The collision of global markets and social mood

Monday, April 7, 2014

Socionomics Is Getting Louder

Friday was an awesome day because I stuck to my plan. I had no idea how high the S&P would go, but I had a very good feeling about where to buy UVXY, at 54.50.

I was wrong. It only got to 54.54.

It worked anyway because I front run my targets. So Friday was a good way to end the week.


There is a nice volume shelf just below 1850, so the market may have lower prices in mind, but a bounce could come at any time. 1842.11 is the stop for the scenario I posted Friday afternoon on TwitterStocktwits.


Now, onto socionomics because every so often when it rains it pours. Actually, the title of this post is incorrect: socionomics is not getting louder (though it could be said to be gaining in acceptance) -- social mood is getting louder.

First there was the movement back to bright colors and neon noted here on March 26th in Bright Colors Hint At A Planetary Shift.

Then it was the latest cover of Time magazine noted on Friday. Hat tip to Paul Montgomery, the actual originator of the magazine-cover indicator for this one, and to Hochberg and Kendall at Elliottwave International for covering it in their latest Elliottwave Financial Forecast.

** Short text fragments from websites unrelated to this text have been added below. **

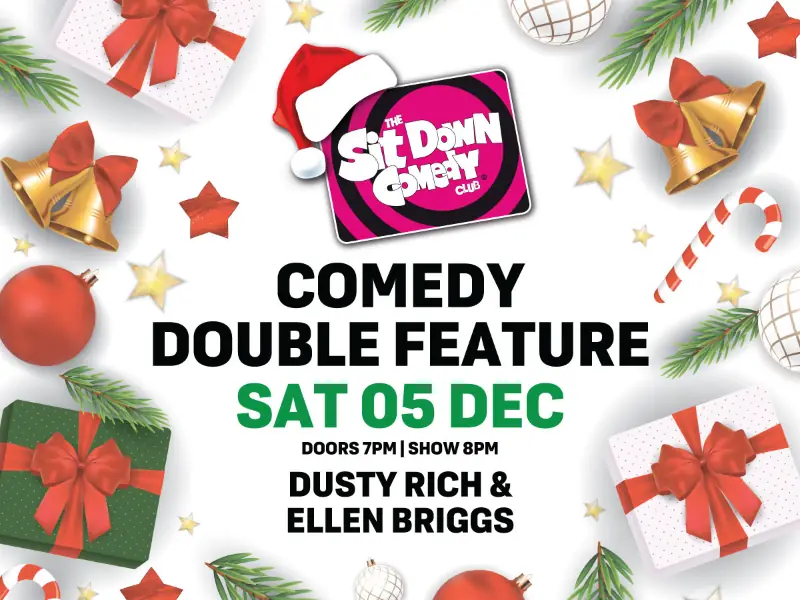 Christmas Double Feature - Sat 05 Dec at Sit Down Comedy Club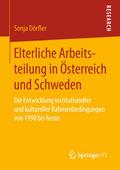 Elterliche Arbeitsteilung in Österreich und Schwed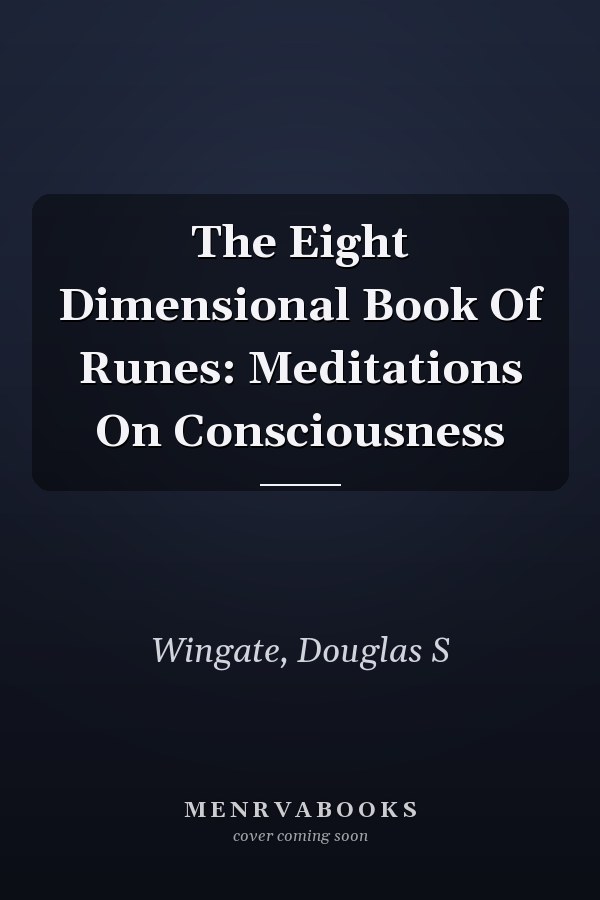 The Eight Dimensional Book Of Runes: Meditations On Consciousness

My personal take, which I noted on Twitter/Stocktwits, is that this cover suggests we may have reached "Peak USA." In light of recent events in Crimea and Ukraine, this potential should be very apparent.

But just when I was thinking that, socionomically, it doesn't get any better than this, along came the following article in the WSJ entitled, Go Mad for Maximalist Fashion.

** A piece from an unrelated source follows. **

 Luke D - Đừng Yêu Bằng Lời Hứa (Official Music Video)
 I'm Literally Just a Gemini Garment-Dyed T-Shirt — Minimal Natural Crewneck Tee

What an absolute goldmine, chock full with so many juicy phrases that describe the current phony euphoria in perfect detail that it made me doubt the scenario of just one more high...

Though less-is-more has long ruled, now even minimalist designers, 
like CĂ©line's Phoebe Philo, are discovering the beauty of excess

Here's an actual excerpt:

ANY WOMAN who favors patterned, embellished and colorful clothing may have experienced a sense of dread when reviewing past seasons' collections—namely that she and her closet of high-decibel clothing were about to be flushed right out of fashion's in-crowd.

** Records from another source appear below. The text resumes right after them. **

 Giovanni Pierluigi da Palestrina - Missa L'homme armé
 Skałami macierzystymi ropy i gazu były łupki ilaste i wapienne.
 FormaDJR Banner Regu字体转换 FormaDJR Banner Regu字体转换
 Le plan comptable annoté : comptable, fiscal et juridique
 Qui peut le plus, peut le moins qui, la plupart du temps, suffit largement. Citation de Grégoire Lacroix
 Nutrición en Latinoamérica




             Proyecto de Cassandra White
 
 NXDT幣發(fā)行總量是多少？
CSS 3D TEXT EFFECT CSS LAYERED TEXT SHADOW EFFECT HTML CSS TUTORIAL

I can relate. As a lifelong maximalist dresser, I'm more comfortable in noisy clothes than I am in well-mannered uniforms that whisper. At times I have felt like an endangered species—or at least a very exotic one.

But then the 2014 spring collections happened. Suddenly, it seemed as if every brand was proposing clothing that shouted even more loudly than anything my maximalist sisters and I would consider wearing.

Back in the March 26th post, I was stumped by the trend back to bright colors. Now it feels like -- to use a technical analysis term -- coiling, such as when the markets coil or triangulate back and forth before they bust out in a strong trend.

The trend in this case would be down.

In The Socionomic Implications Of September Vogue: 2012, the word Baroque was used 4 times. Yet an editor noted, "There's a baroque feeling for fabric and texture that we haven't had around for a while." You mean since a year and a half ago? Maybe fashion really has gone mad.

Or have we.

The markets may soon have the answer. For they are the mirror of our minds and moods. In the meantime the warnings are getting louder and louder.